#### EXERCISE DIRECTIONS
Excluding pictures, what does the listing below contain from the line with "Online Hocker  Zellona Poefen" up to and including the line with "121 Ohara Circle - Photo 13", word for word?

#### RECORD EXCERPTS
_ _ _ _ _

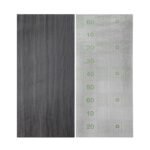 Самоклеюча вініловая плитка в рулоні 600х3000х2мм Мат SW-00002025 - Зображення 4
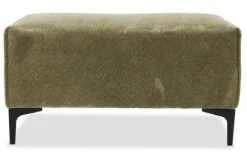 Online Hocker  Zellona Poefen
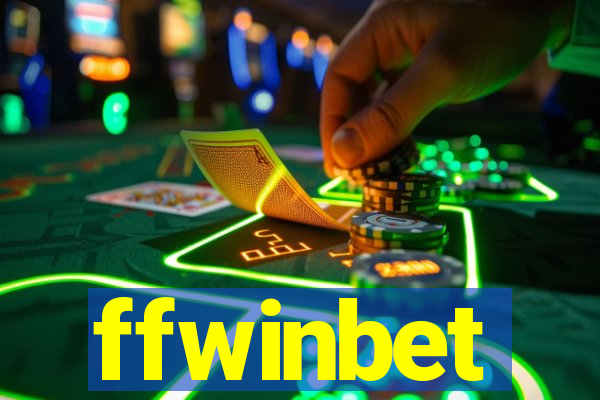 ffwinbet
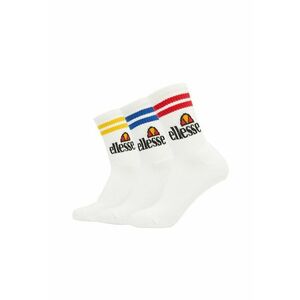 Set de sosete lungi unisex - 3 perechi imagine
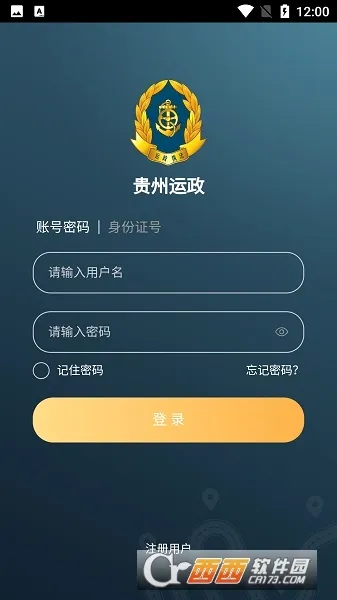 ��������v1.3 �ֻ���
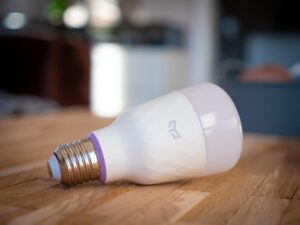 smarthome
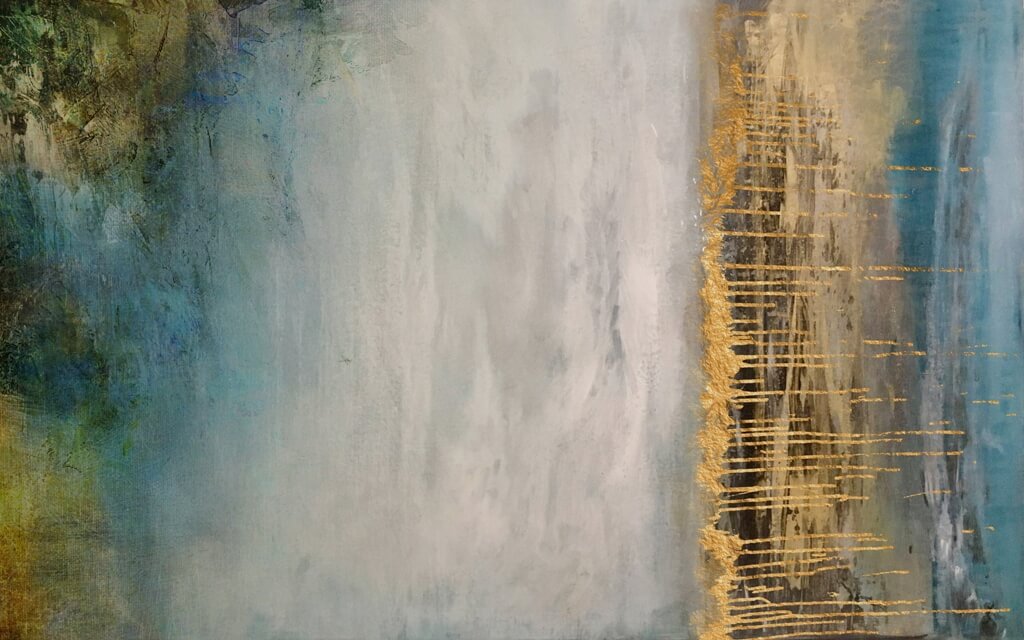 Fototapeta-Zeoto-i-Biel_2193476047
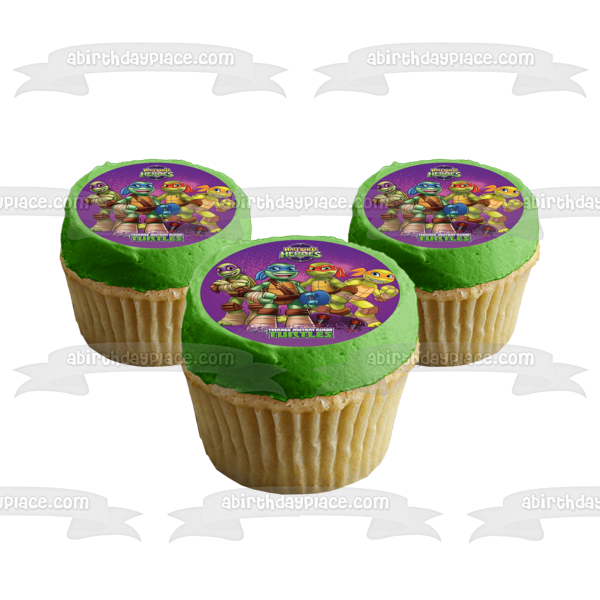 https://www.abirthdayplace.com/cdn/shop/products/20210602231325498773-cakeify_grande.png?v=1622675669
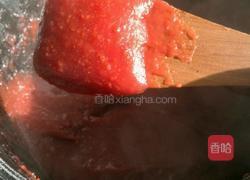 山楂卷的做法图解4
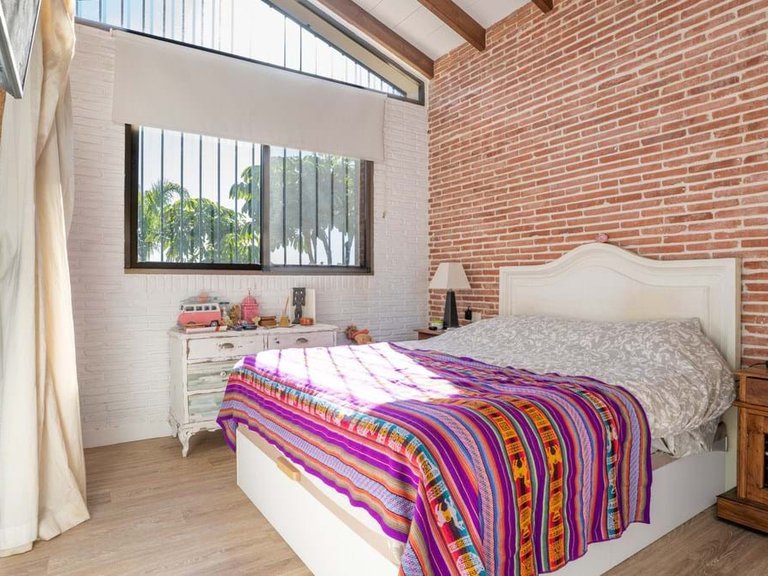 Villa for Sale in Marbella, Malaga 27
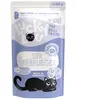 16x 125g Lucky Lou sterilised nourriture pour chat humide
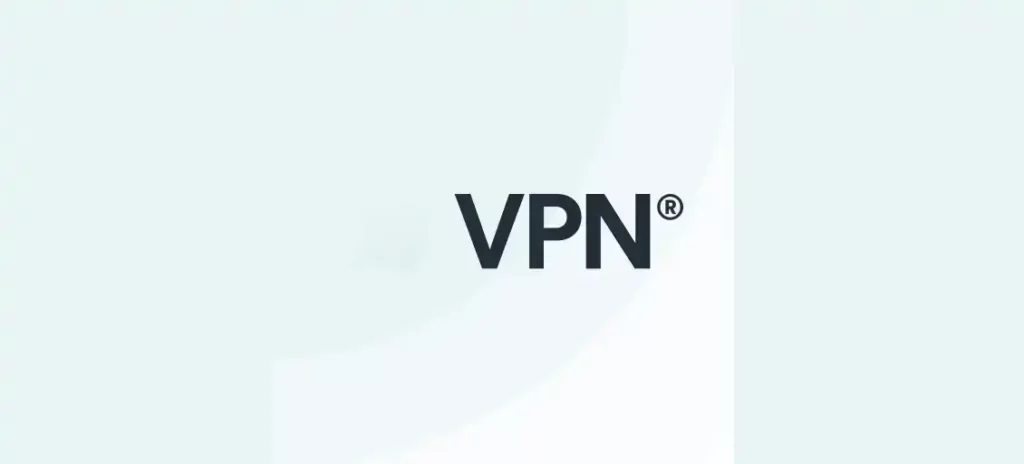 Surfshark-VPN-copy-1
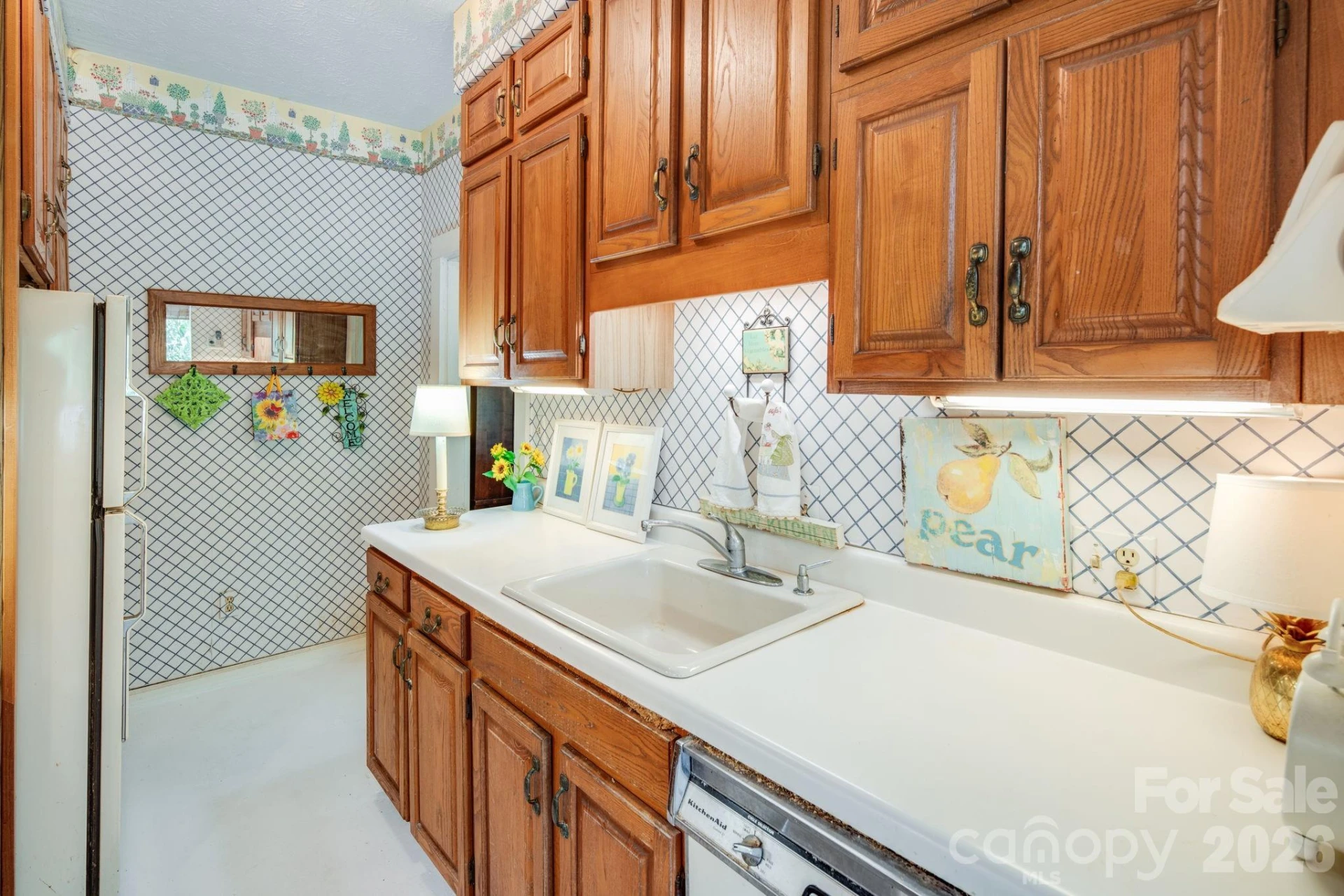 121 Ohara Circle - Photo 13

_ _ _ _ _

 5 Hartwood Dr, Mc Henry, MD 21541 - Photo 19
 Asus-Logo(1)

_ _ _ _ _

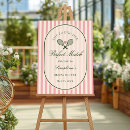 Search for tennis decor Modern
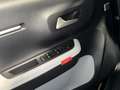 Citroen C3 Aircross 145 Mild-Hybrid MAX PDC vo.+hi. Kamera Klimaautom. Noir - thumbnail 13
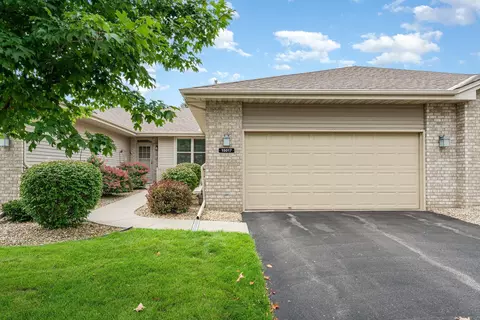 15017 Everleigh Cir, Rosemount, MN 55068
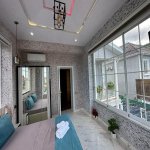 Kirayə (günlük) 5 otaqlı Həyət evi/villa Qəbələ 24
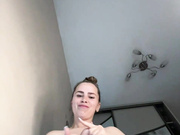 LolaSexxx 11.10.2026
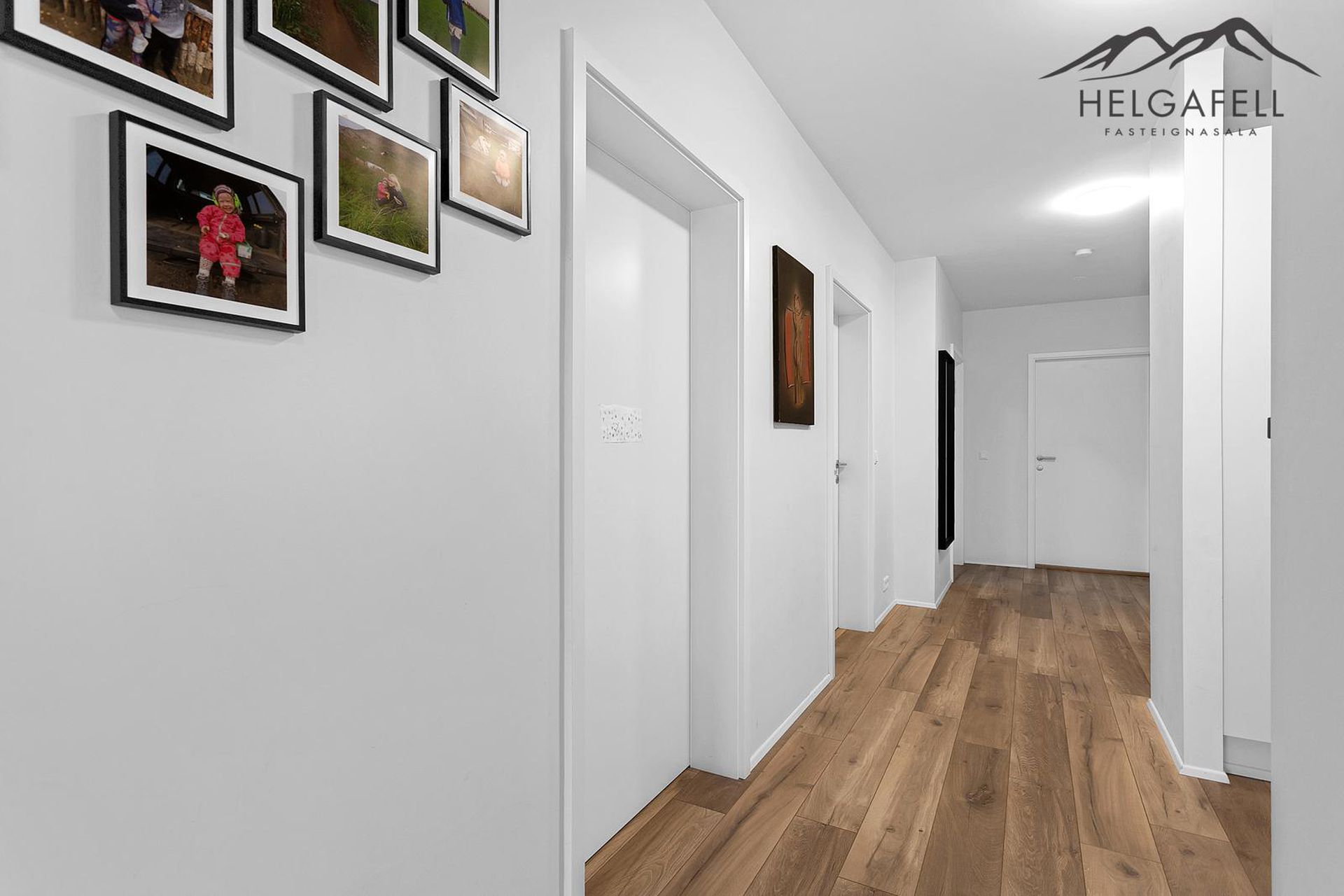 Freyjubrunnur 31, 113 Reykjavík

_ _ _ _ _

#### SOLUTION BELOW
 Online Hocker  Zellona Poefen
 ffwinbet
 Set de sosete lungi unisex - 3 perechi imagine
 ��������v1.3 �ֻ���
 smarthome
 Fototapeta-Zeoto-i-Biel_2193476047
 https://www.abirthdayplace.com/cdn/shop/products/20210602231325498773-cakeify_grande.png?v=1622675669
 山楂卷的做法图解4
 Villa for Sale in Marbella, Malaga 27
 16x 125g Lucky Lou sterilised nourriture pour chat humide
 Surfshark-VPN-copy-1
 121 Ohara Circle - Photo 13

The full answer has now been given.